# [THE TASK]
Could you restate, exactly and with nothing added, the lines from the start of the data through the line that holds "Шкаф Ш-80Г, Грей", leaving the pictures out?

# [RECORDS FOR THIS EXERCISE]

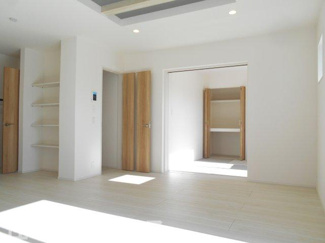 【居間・リビング】 | 郡山市本町2丁目新築一戸建て2棟 | 使いやすいリビングです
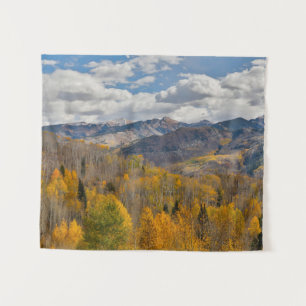 Tenture Couleurs d'automne des trembles et des chênes Keeb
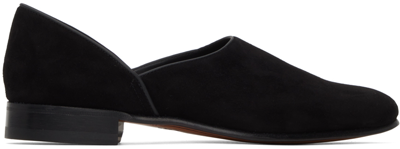 Bode Black House Loafers In Black 1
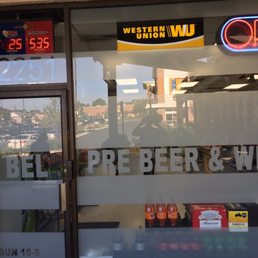 a storefront window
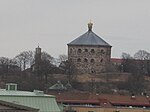 Skansen Kronan sedd från Göta älv.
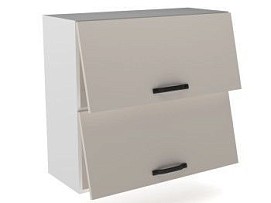 Шкаф Ш-80Г, Грей - 2 (800*320*720) Кашемир, 22121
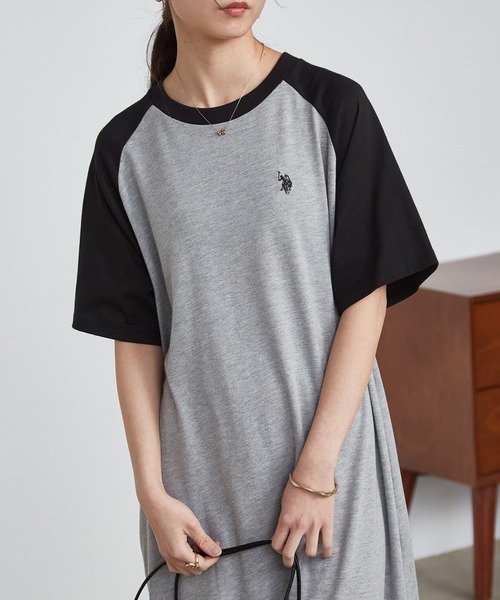 U.S. POLO ASSN.（ユーエスポロアッスン） ワンピース RANAN/solleim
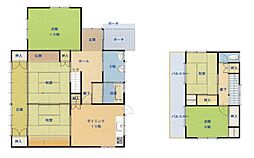 三島市芙蓉台３丁目の一戸建て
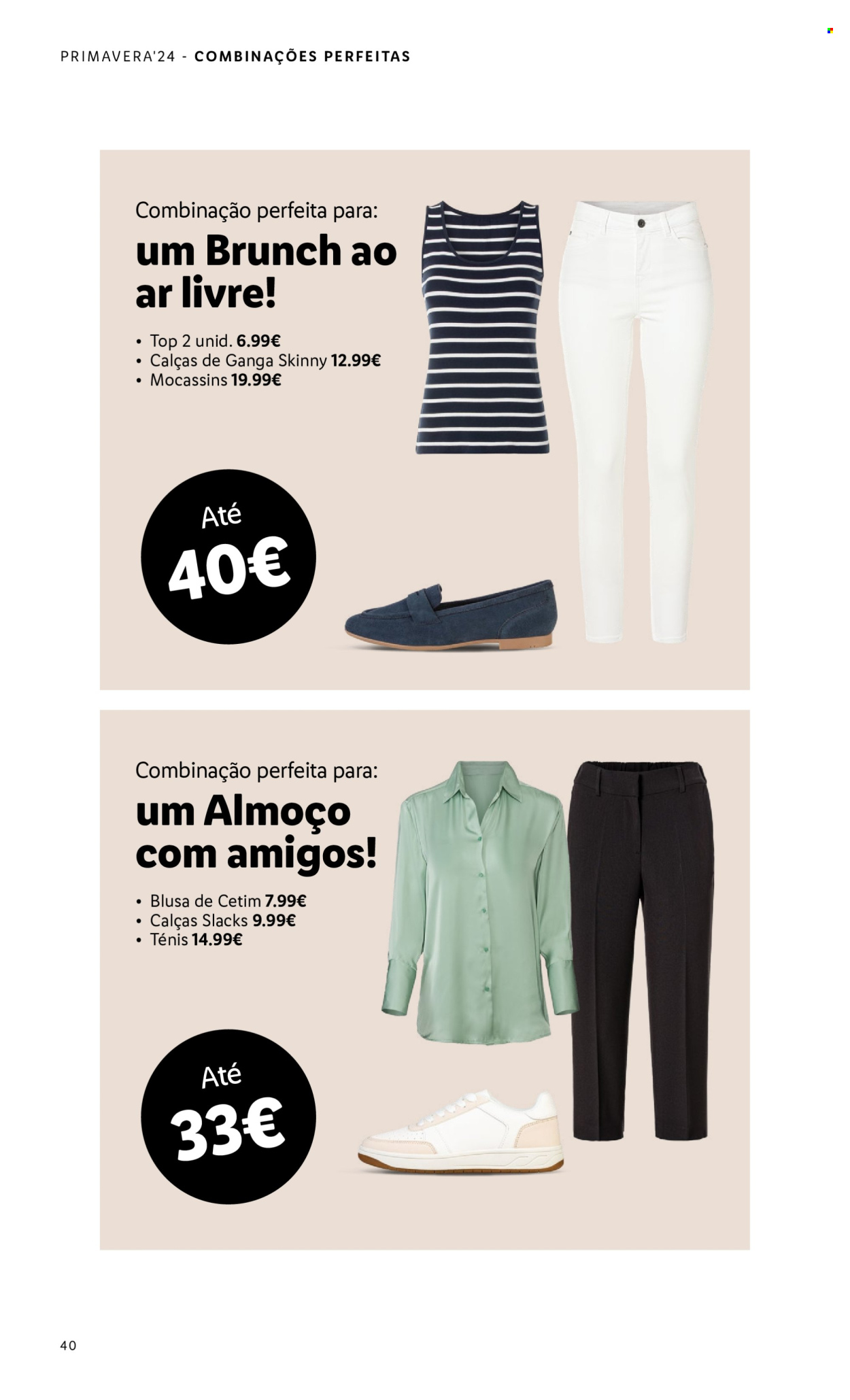 Folheto Lidl. Página 40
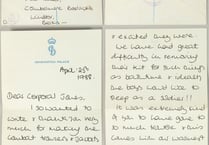 Handwritten Princess Diana letter to be sold at Haslemere auction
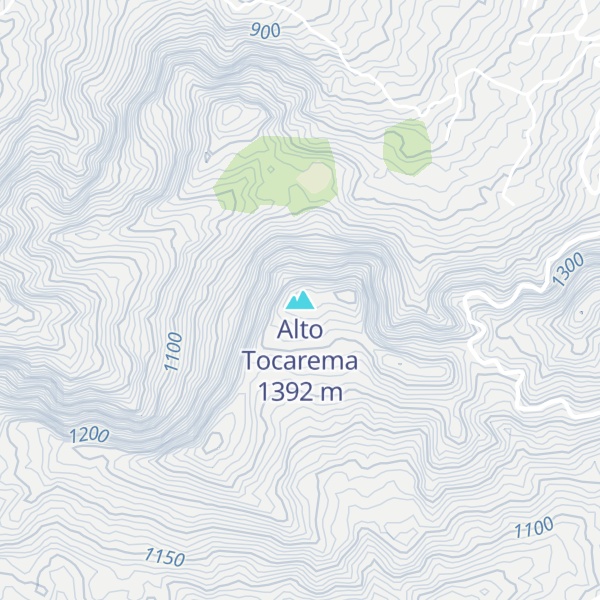 Map of Alto Tocarema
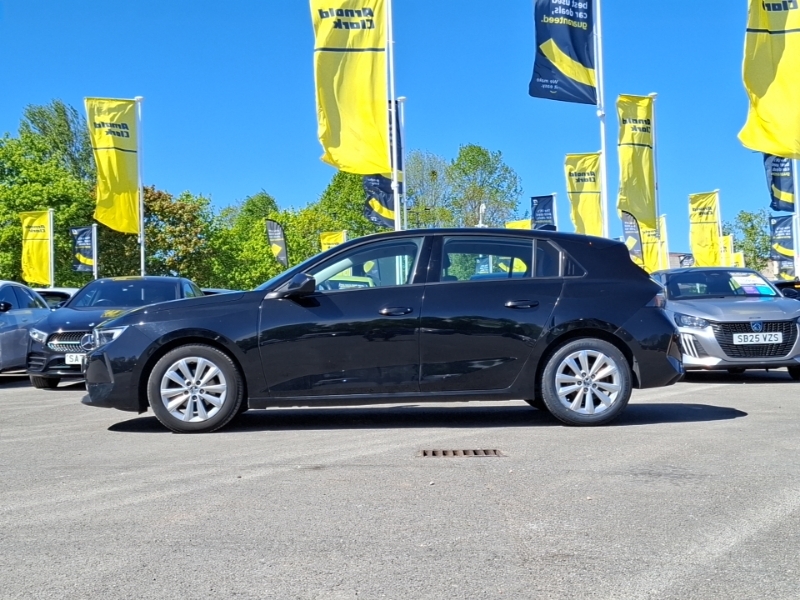 Vauxhall Astra 1.2 Turbo 130 Design Black #4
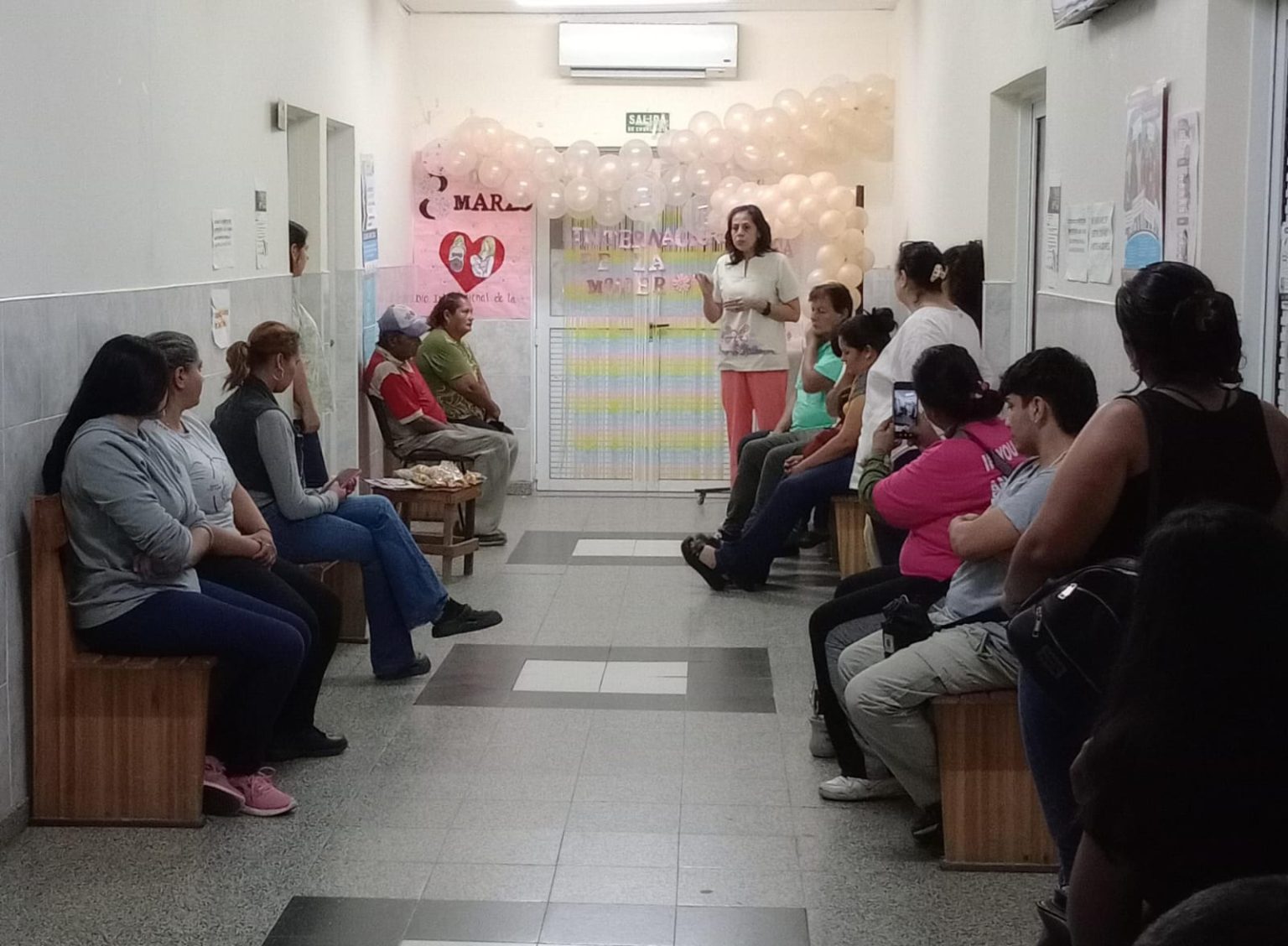 Inició la Semana de la Mujer con una charla sobre prevención del HPV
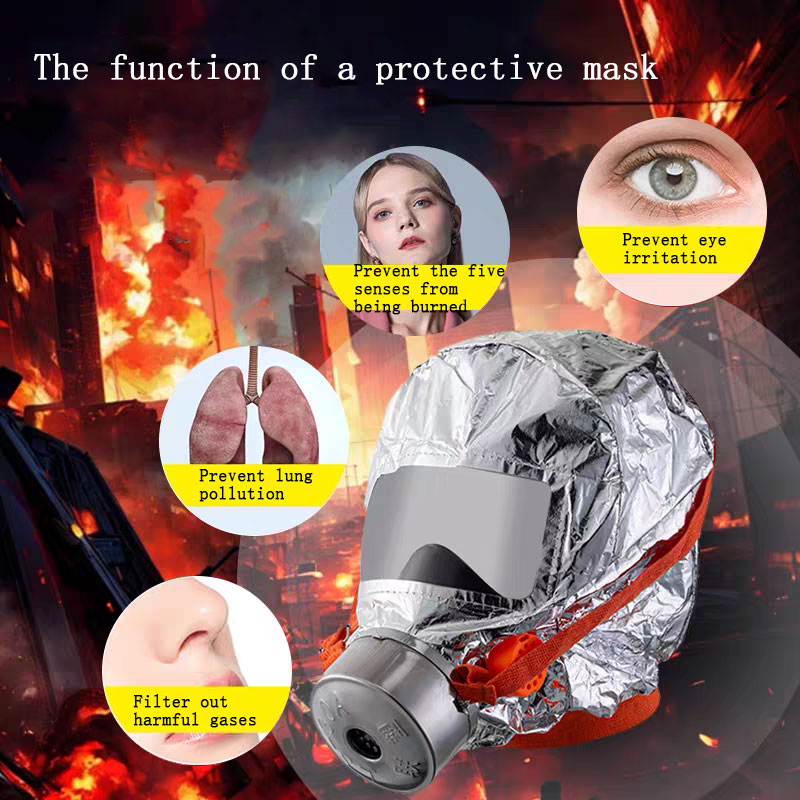 Mask Gas Filtering Self-rescue – Kn95 Respirator Mask recenzja i cena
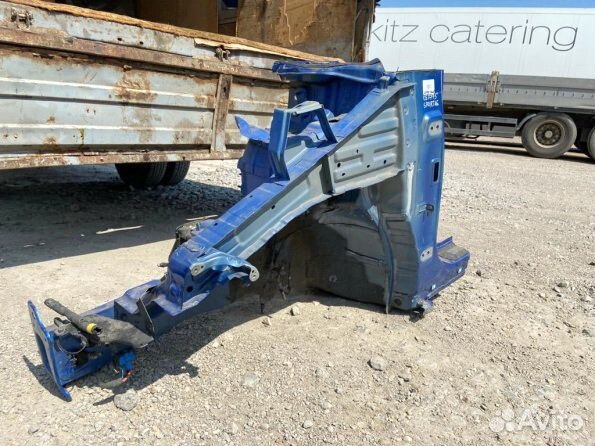 Четверть передняя левая KIA Sportage 4 (2016-2022)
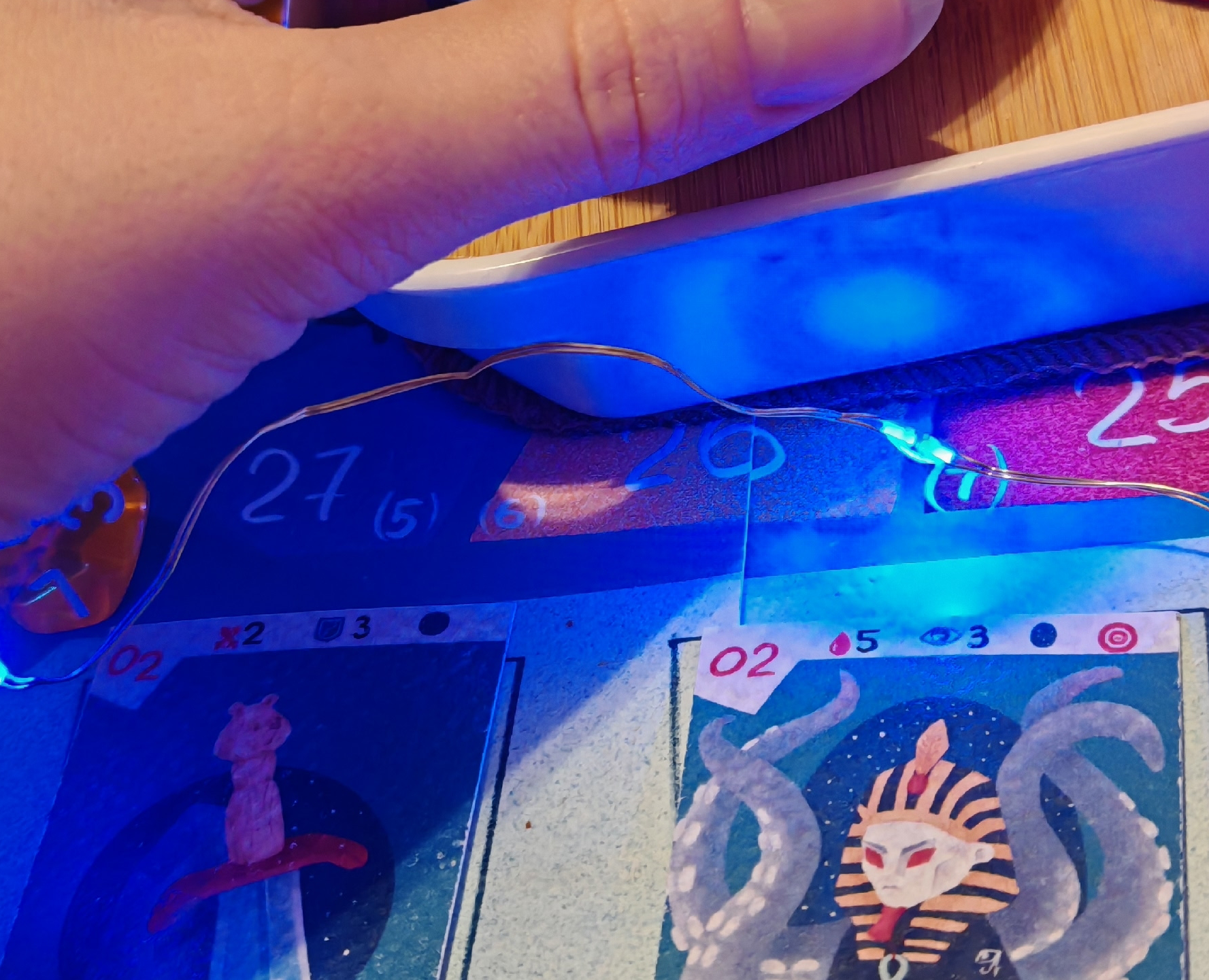 Адвент для любителей Лавкрафта и D&D — Иллюстрация, Графика на Dprofile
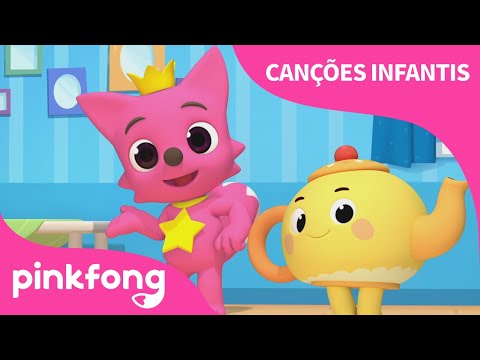 Um Pequeno Bule | Canções Infantis | Pinkfong Canções para crianças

# [COMPLETED TASK]
 【居間・リビング】 | 郡山市本町2丁目新築一戸建て2棟 | 使いやすいリビングです
 Tenture Couleurs d'automne des trembles et des chênes Keeb
 Bode Black House Loafers In Black 1
 a storefront window
 Skansen Kronan sedd från Göta älv.
 Шкаф Ш-80Г, Грей - 2 (800*320*720) Кашемир, 22121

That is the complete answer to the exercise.